### Source information ###

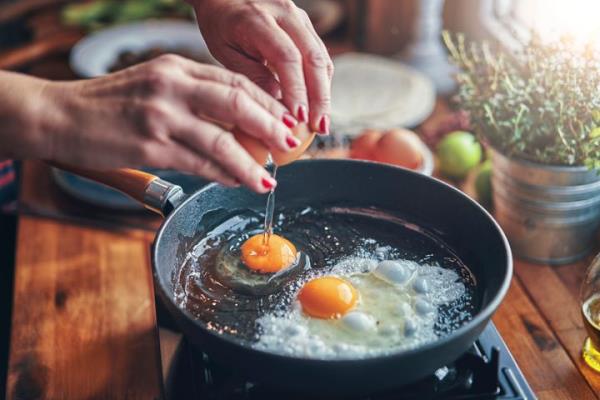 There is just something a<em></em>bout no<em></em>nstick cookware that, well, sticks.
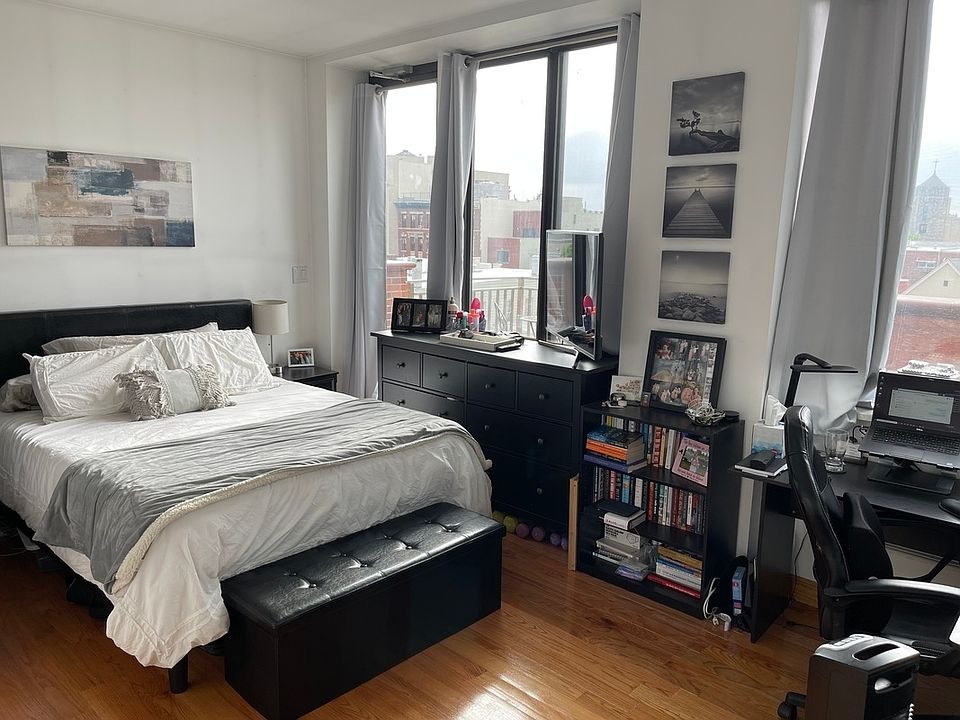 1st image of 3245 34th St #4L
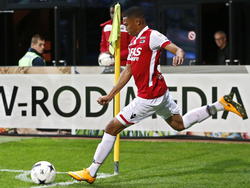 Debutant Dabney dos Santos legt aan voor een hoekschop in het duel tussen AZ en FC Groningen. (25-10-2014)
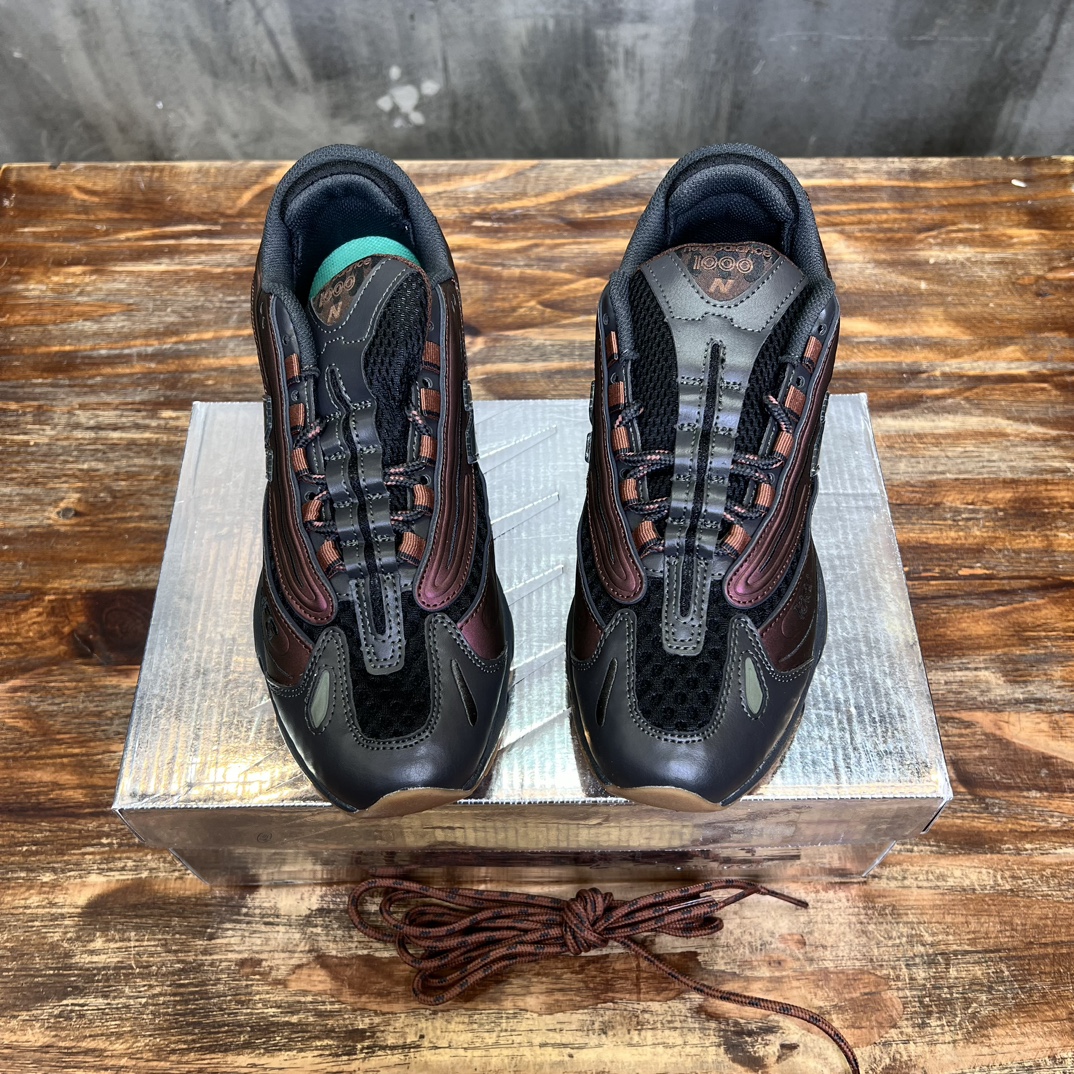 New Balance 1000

###
### Source information ###

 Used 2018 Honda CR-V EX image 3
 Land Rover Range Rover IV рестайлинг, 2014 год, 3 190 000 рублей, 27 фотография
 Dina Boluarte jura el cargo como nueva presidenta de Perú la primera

###

Everything starting at the line containing "Land Rover Range" and ending at the line containing "Dina Boluarte jura" in the records above should be repeated exactly, and only that.

**Exercise answer:**
 Land Rover Range Rover IV рестайлинг, 2014 год, 3 190 000 рублей, 27 фотография
 Dina Boluarte jura el cargo como nueva presidenta de Perú la primera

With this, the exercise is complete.